State v. Oliver

Ohio Court of Appeals
State v. Oliver, 2023 Ohio 1353 (2023)
Stevenson

State v. Oliver

Opinion

[Cite as State v. Oliver,

2023-Ohio-1353

.]

STATE OF OHIO ) IN THE COURT OF APPEALS )ss: NINTH JUDICIAL DISTRICT COUNTY OF SUMMIT )

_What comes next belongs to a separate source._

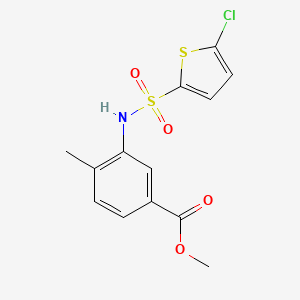 molecular formula C13H12ClNO4S2 B4422441 methyl 3-{[(5-chloro-2-thienyl)sulfonyl]amino}-4-methylbenzoate 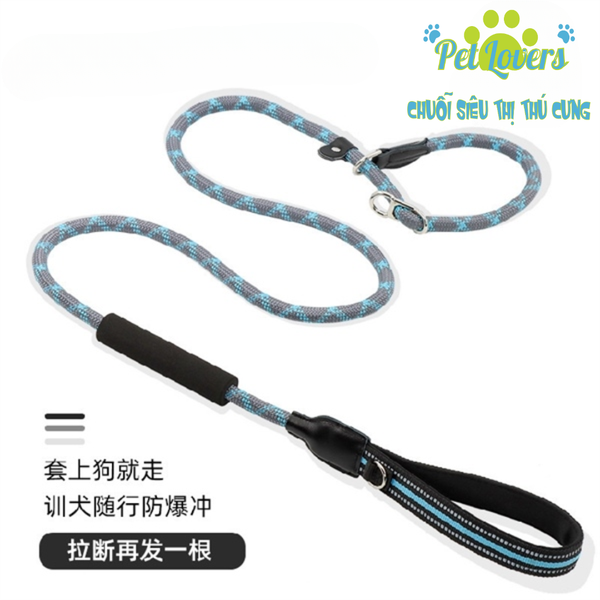 Dây dắt 1.8m kèm vòng cổ chó lớn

STATE OF OHIO C.A. No. 29535

Appellee

v. APPEAL FROM JUDGMENT ENTERED IN THE ANTHONY R. OLIVER COURT OF COMMON PLEAS COUNTY OF SUMMIT, OHIO Appellant CASE No. CR 18 11 4023

DECISION AND JOURNAL ENTRY

Dated: April 26, 2023

STEVENSON, Judge.

{¶1} In this reopened appeal, Defendant-Appellant, Anthony Oliver, appeals from the

judgment of the Summit County Court of Common Pleas. This Court confirms our prior decision.

I.

{¶2} Mr. Oliver sexually assaulted a female at a small house party. As a result, he was

indicted on ten counts. A grand jury charged him with vaginal rape under R.C. 2907.02(A)(2),

anal rape under that same subdivision, vaginal rape under R.C. 2907.02(A)(1)(c), anal rape under

that same subdivision, kidnapping, two counts of abduction, having a weapon under disability,

carrying a concealed weapon, and aggravated menacing. Each count of rape, kidnapping, and

abduction also carried a firearm specification.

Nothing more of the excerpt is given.